And let’s talk about the absurdities they embrace. Virgin births? Walking on water? Eternal life? Come on. These aren’t even good lies. They’re embarrassingly bad ones, conjured up by ancient people who didn’t know what stars were, let alone atoms or quantum mechanics. The fact that anyone in the 21st century still takes these fairy tales seriously is a testament to how little critical thinking religion requires. Science, by contrast, has given us the tools to split atoms, cure diseases, and send machines to other planets. What’s religion given us? Guilt. Fear. Witch trials. Great job, guys.

So why do they reject science? Because science doesn’t flatter them. It doesn’t tell them they’re special. It doesn’t promise them eternal life or divine justice or a reason for their suffering. It tells them the cold, hard truth: you’re a collection of atoms, governed by physical laws, hurtling through an indifferent universe. Religion can’t compete with that, so it hides behind ignorance, fear, and the comforting lies people have told themselves for millennia.

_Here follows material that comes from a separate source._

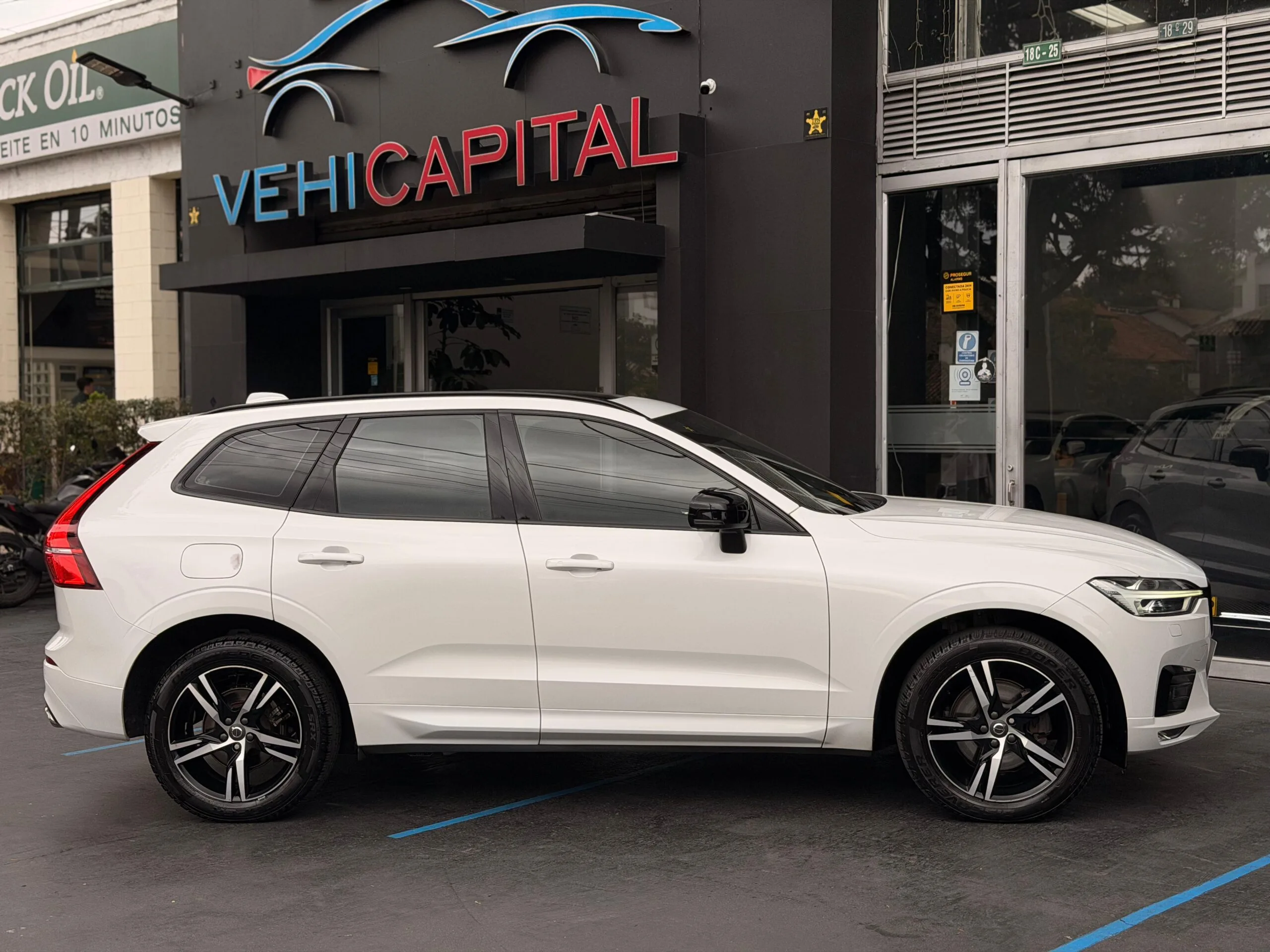 d8ad51b4-d2cb-40ea-a403-7513678367ef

And here’s the most infuriating part: they have the gall to call science arrogant. Really? Arrogance is claiming the creator of the universe cares about your sex life. Arrogance is rejecting mountains of evidence because it doesn’t fit your holy book. Arrogance is insisting you know the mind of a god while failing ninth-grade biology.

So let’s stop pretending this is a debate. It’s not. It’s reality versus fantasy, fact versus fiction, science versus superstition. And the only reason religion still exists is because some people are too scared, too stubborn, or too lazy to face the truth.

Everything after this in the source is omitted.